-- What to work on --
Quote each line exactly, from the line that contains "colorful spices including" down to the last line of the listing, and no other lines.

-- Provided data --
== == ==

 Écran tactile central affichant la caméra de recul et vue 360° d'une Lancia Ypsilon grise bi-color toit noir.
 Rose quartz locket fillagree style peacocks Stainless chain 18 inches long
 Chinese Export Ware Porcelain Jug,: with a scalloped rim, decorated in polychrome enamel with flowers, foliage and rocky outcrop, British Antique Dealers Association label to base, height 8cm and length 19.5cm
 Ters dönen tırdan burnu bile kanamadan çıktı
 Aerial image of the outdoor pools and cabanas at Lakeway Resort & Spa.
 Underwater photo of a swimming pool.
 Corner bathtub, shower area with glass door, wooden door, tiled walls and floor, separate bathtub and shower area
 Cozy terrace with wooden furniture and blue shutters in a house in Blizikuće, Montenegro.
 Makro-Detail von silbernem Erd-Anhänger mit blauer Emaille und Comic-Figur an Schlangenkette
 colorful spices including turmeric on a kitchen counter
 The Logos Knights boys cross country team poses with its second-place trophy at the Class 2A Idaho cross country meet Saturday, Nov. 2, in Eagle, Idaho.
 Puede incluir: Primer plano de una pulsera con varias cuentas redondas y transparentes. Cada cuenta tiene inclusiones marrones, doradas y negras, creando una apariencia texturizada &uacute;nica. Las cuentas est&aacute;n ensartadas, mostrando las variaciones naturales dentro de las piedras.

== == ==

-- Expected answer --
 colorful spices including turmeric on a kitchen counter
 The Logos Knights boys cross country team poses with its second-place trophy at the Class 2A Idaho cross country meet Saturday, Nov. 2, in Eagle, Idaho.
 Puede incluir: Primer plano de una pulsera con varias cuentas redondas y transparentes. Cada cuenta tiene inclusiones marrones, doradas y negras, creando una apariencia texturizada &uacute;nica. Las cuentas est&aacute;n ensartadas, mostrando las variaciones naturales dentro de las piedras.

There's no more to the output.